Association of plasma vitamin C concentration to total and cause-specific mortality: a 16-year prospective study in China

2018 
Background Vitamin C insufficiency occurs across many countries and has been hypothesised to increase risk of various diseases. Few prospective studies with measured circulating vitamin C have related deficiency to disease mortality, particularly in low-income and middle-income countries. Methods We randomly selected 948 subjects (473 males and 475 females) aged 53–84 years from a Chinese cohort and measured meta-phosphoric acid-preserved vitamin C concentrations in plasma samples collected in 1999–2000. A total of 551 deaths were accrued from sample collection through 2016, including 141 from cancer, 170 from stroke and 174 from heart diseases. Vitamin C was analysed using season-specific quartiles, as a continuous variable and as a dichotomous variable based on sufficiency status (normal >28 µmol/L vs low ≤28 µmol/L). HRs and 95% CIs were estimated using Cox proportional hazards models. Results We found significant inverse associations between higher plasma vitamin C concentrations and total mortality in quartile (HR Q4 vs Q1 0.75, 95% CI 0.59 to 0.95), continuous (HR q20umol/L 0.90, 95% CI 0.82 to 0.99) and dichotomous analyses (HR normal-vs-low 0.77, 95% CI 0.63 to 0.95).
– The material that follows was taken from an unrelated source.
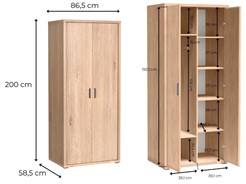 meble GRANDE 08 szafa dwudrzwiowa do salonu sypialni przedpokoju cremona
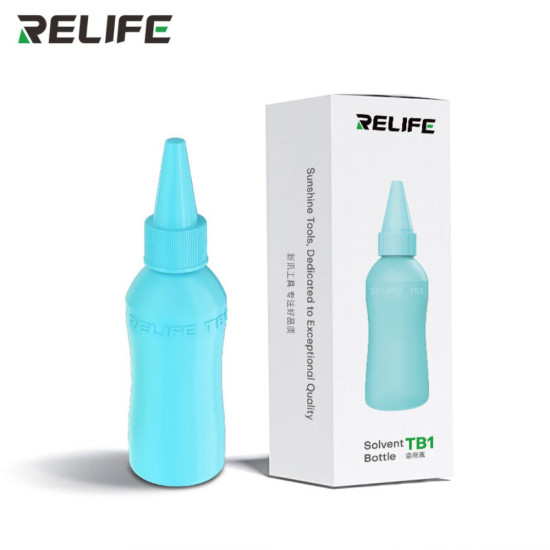 Relife TB1 Antistatic Solvent Plastic Bottle with Needle - 50ML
We observed significant lower risks of heart disease (p trend-by-quantile =0.03) and cancer deaths (p global-across-quantile =0.04) for higher vitamin C, whereas the association was attenuated for stroke in adjusted models. Similar inverse associations were found when comparing normal versus low vitamin C for heart disease (HR normal-vs-low 0.62, 95% CI 0.42 to 0.89). Conclusion In this long-term prospective Chinese cohort study, higher plasma vitamin C concentration was associated with lower total mortality, heart disease mortality and cancer mortality. Our results corroborate the importance of adequate vitamin C to human health.